SUPREME COURT HOLDS THAT TIME BARRED CLAIMS CANNOT BE ARBITRABLE
A two Judge Bench of the Supreme Court comprising of CJI. Dr. D.Y. Chandrachud and Justice J.B. Pardiwala passed a judgment dated 18.05.2023 in the case of M/S. B&T AG Vs. Ministry of Defence Arbitration Petition (C) No. 13 of 2023, and made observations regarding the disputes between the parties regarding the Petition filed under Section 11(6) of the Arbitration and Conciliation Act, 1996 for appointment of an arbitrator for adjudication of disputes and claims arising out of the Contract No. 78953/SMG/GS/WE-4(GS-IV) dated 27.03.2012 executed with the Respondent Ministry of Defence.
i) The Respondent, Ministry of Defence vide the RFP No. 78953/SMG/GS/WE-4 dated 18.11.2009 floated an urgent tender for procurement of 1,568 Sub Machine Guns under a Fast Track Procedure. The Petitioner (M/s B&T AG) participated in the tender process and offered its bid. The tender was opened on 21.12.2010 and the Petitioner was declared to be the lowest acceptable bidder. After due negotiations, the Contract was executed and signed on 27.03.2012.

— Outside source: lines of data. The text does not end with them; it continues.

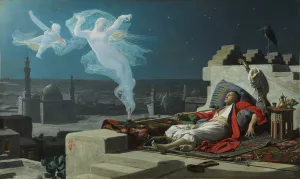 A Eunuch's Dream by Jean Lecomte Du Nouy Oil Painting
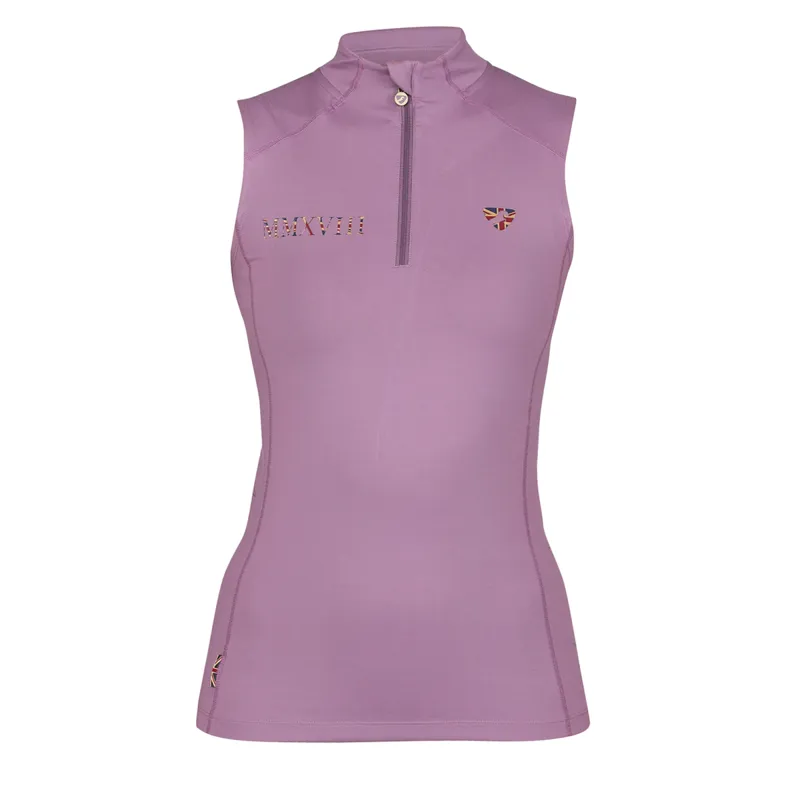 Aubrion Team Sleeveless Base Layer - Mauve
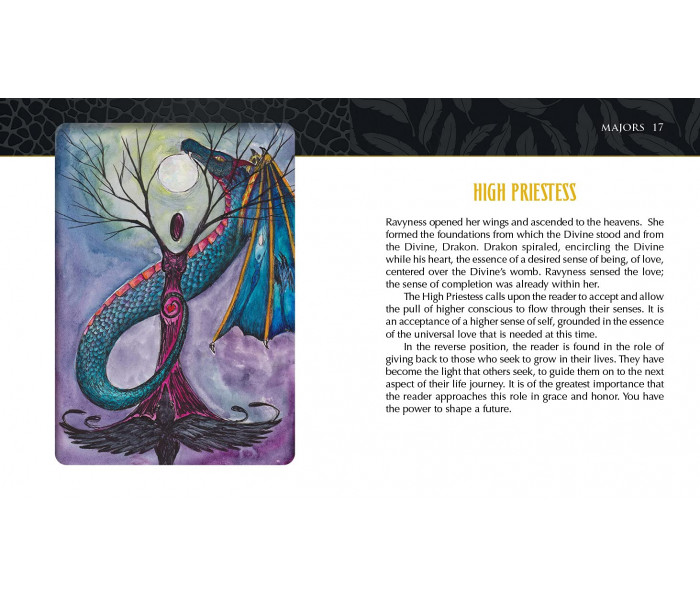 Таро Равинесса Дракона - Ravyness Drakon Tarot. Schiffer Publishing
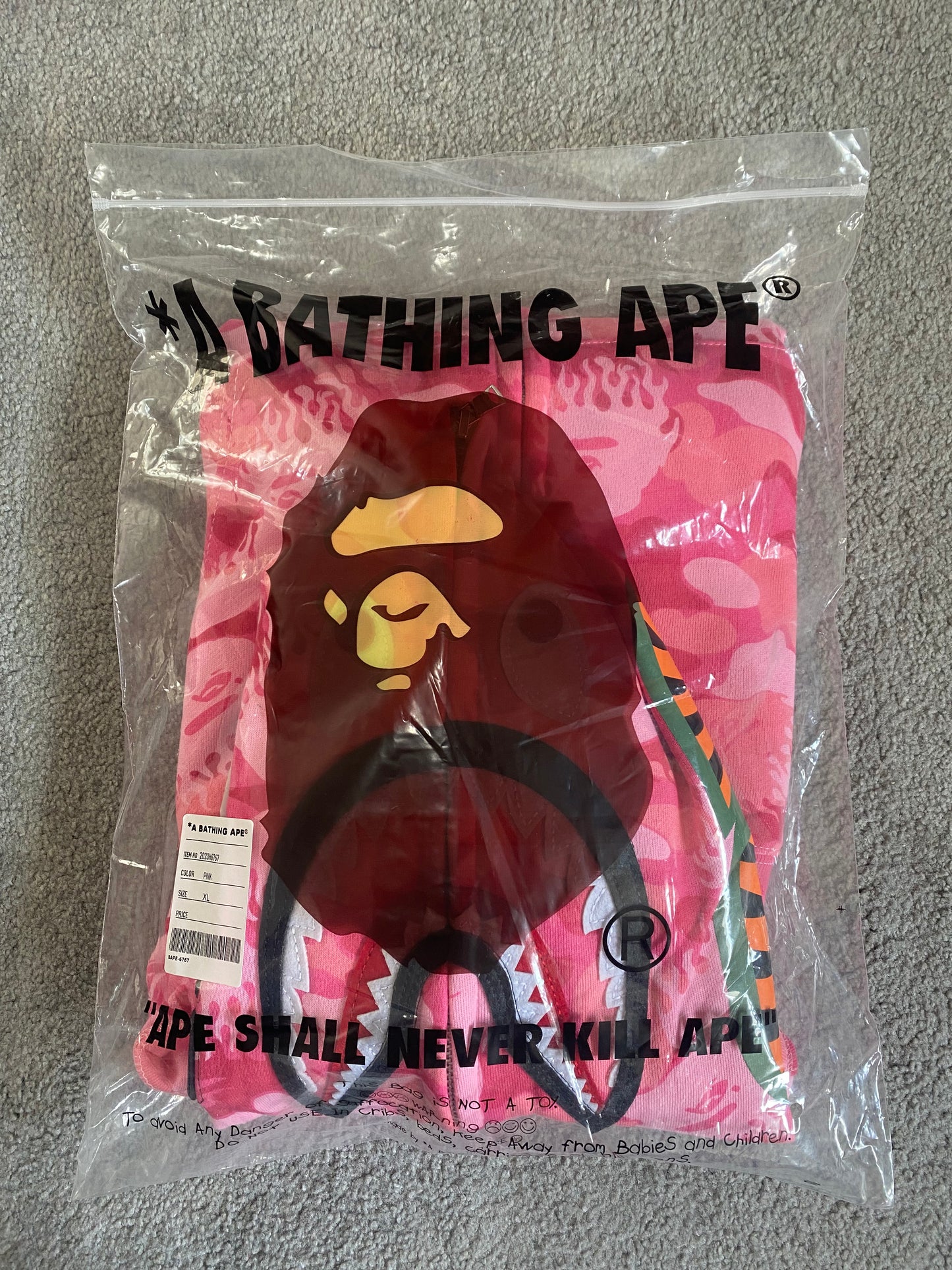 BAPE Pink Fire Camo Hoodie - Icy Clothes Ro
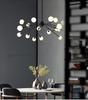 Post Modern LED Chandelier Lights G4 Bulb Tree Branch Hanging Lamp Living Dining Room Glass Ball Chandeliers Lighting Fixtures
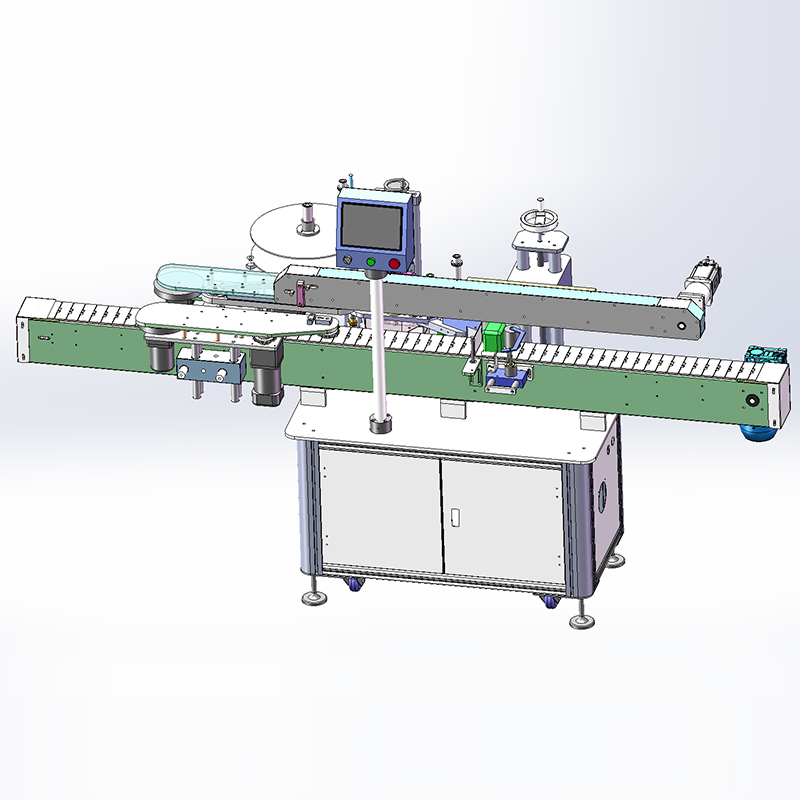 YM610 Auto Labeling Machine Rectangular Square and Round Bottle Labeling Machine for Food and Chemicals Label Applicator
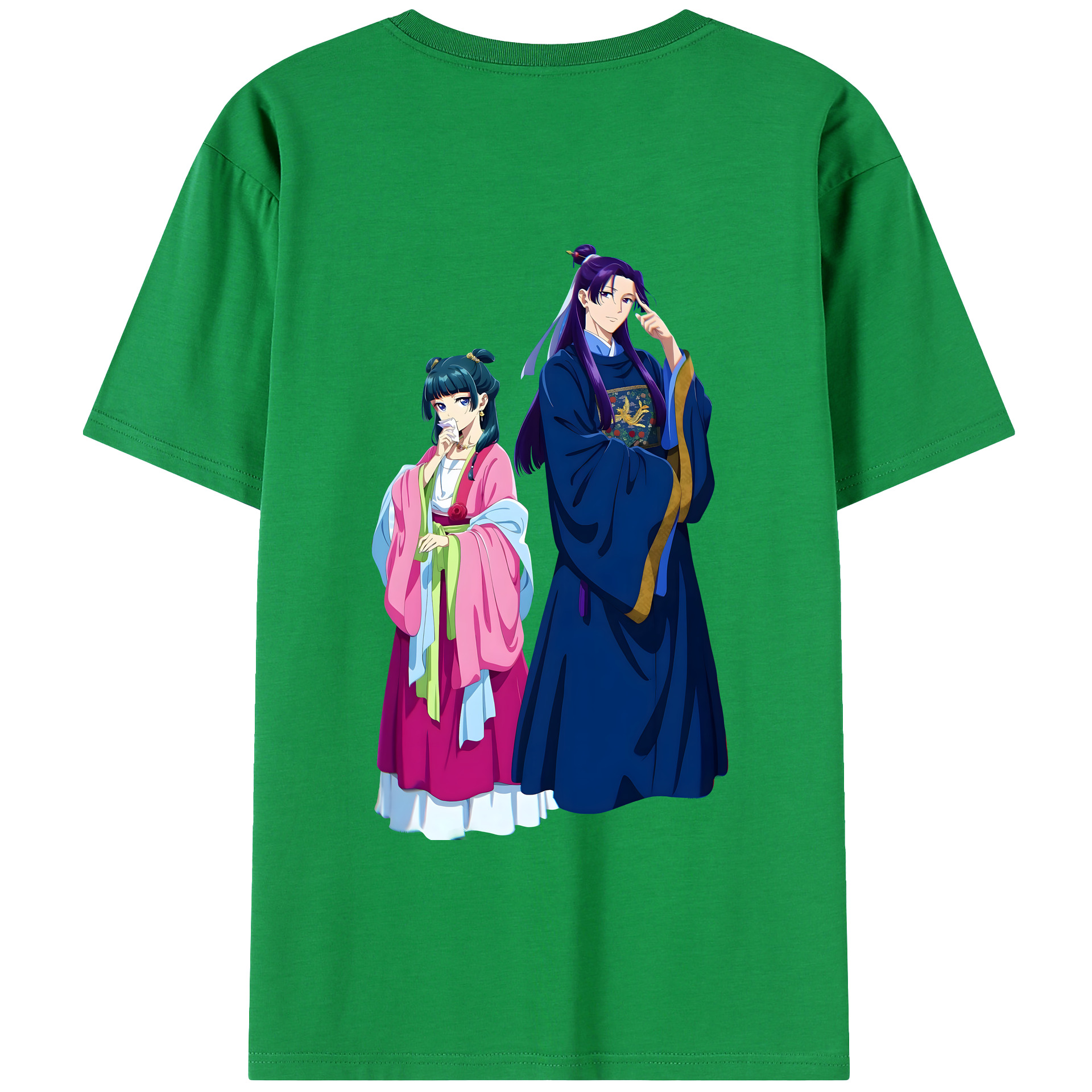 （画像用） 薬屋のひとりごと The Apothecary Diaries 綿100％ メンズ半袖Tシャツ（バックプリント） 通気性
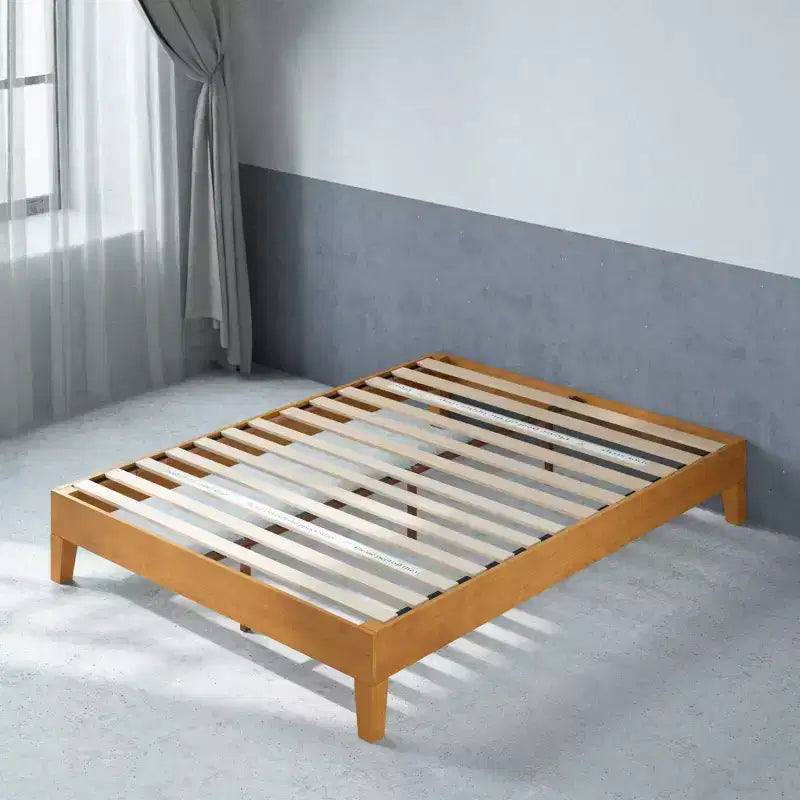 Base letto a piattaforma in legno da 12 pollici – Non necessita di doghe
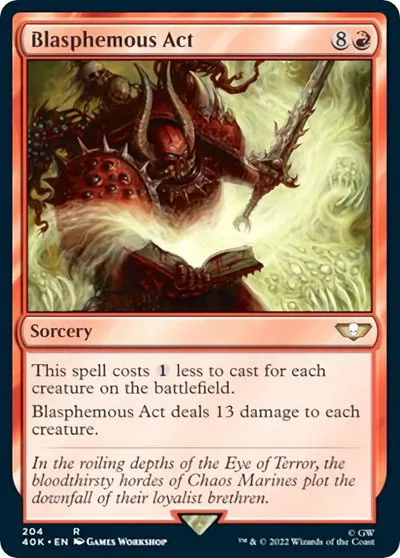 Blasphemous Act - Surge Foil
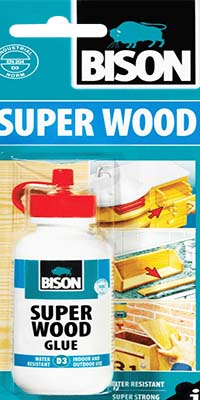 CH42210 High quality, water resistant white wood glue_x000d_
for indoor and outdoor use. FOR WOOD 250gr//1Pcs/ (Bison) WHITE COLOR, ,Material , (7 0) ()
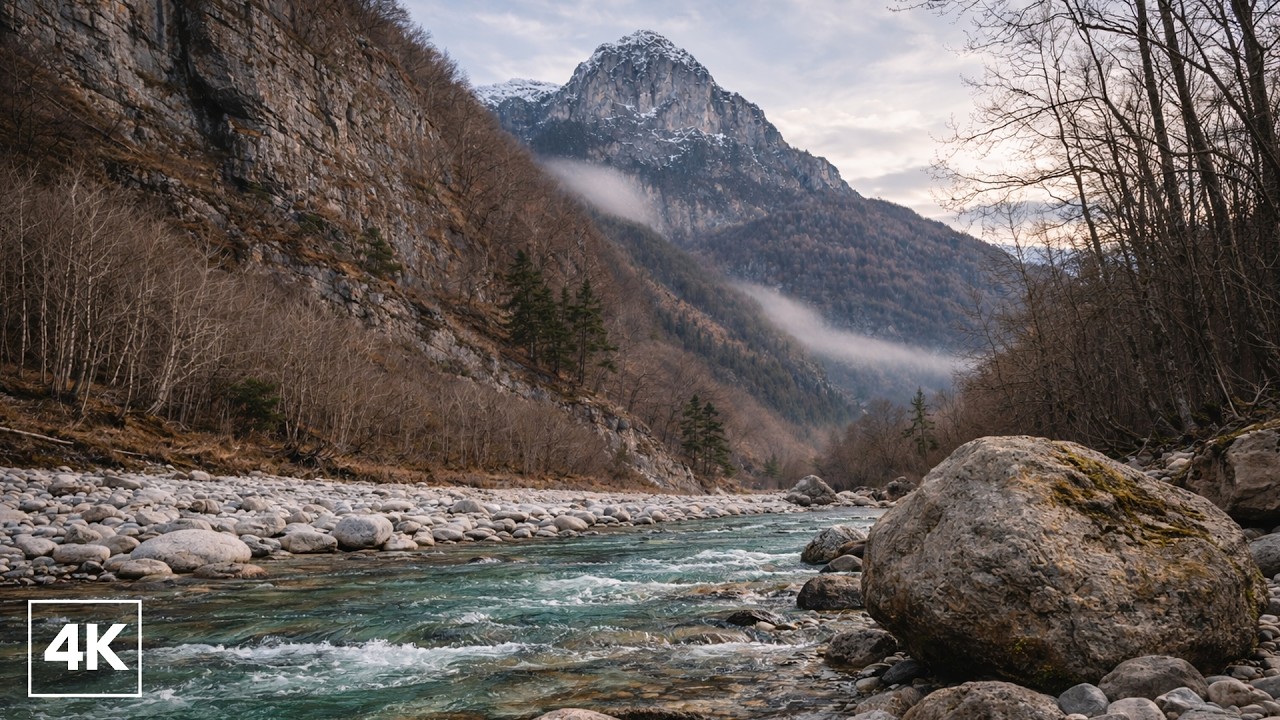 Mountain River Ambience | Relaxing Natural River Sounds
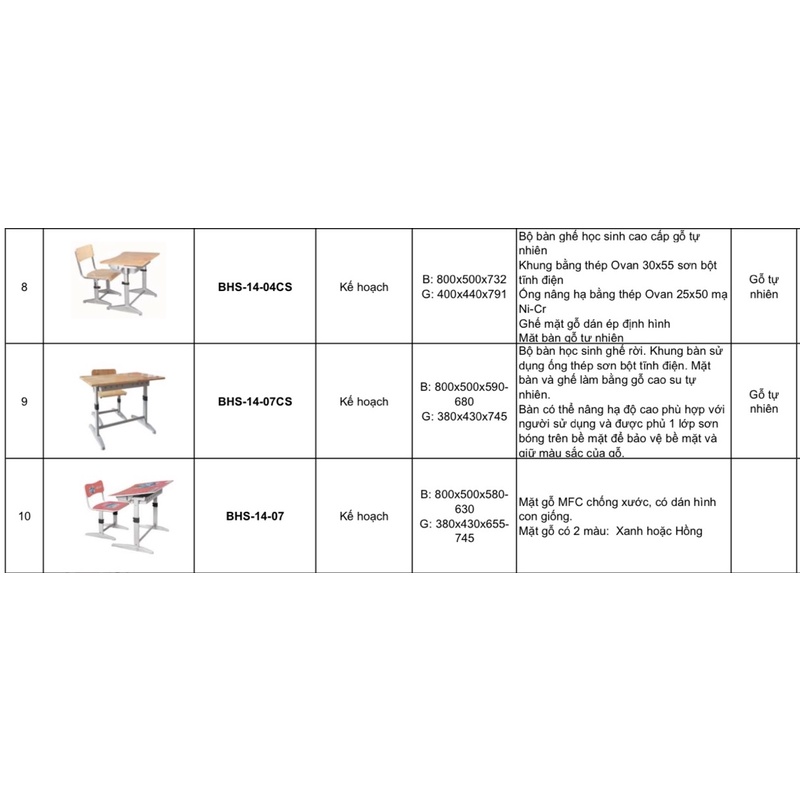 [Hỏa tốc 1H] Bàn ghế học sinh Xuân Hòa cao cấp (Hàng chính hãng - Bảo hành 12 tháng)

ii) Disputes arose over wrongful encashment of Warranty Bond by the Respondent. In a letter dated 16.02.2016, the Respondent directed the Joint Chief Executive Officer, State Bank of India, Frankfurt Branch, Germany, to fully encash WBG No. 12/380, amounting to Euro 201,793.75, and remit the funds via direct bank transfer to the Principal Controller of Defence Account.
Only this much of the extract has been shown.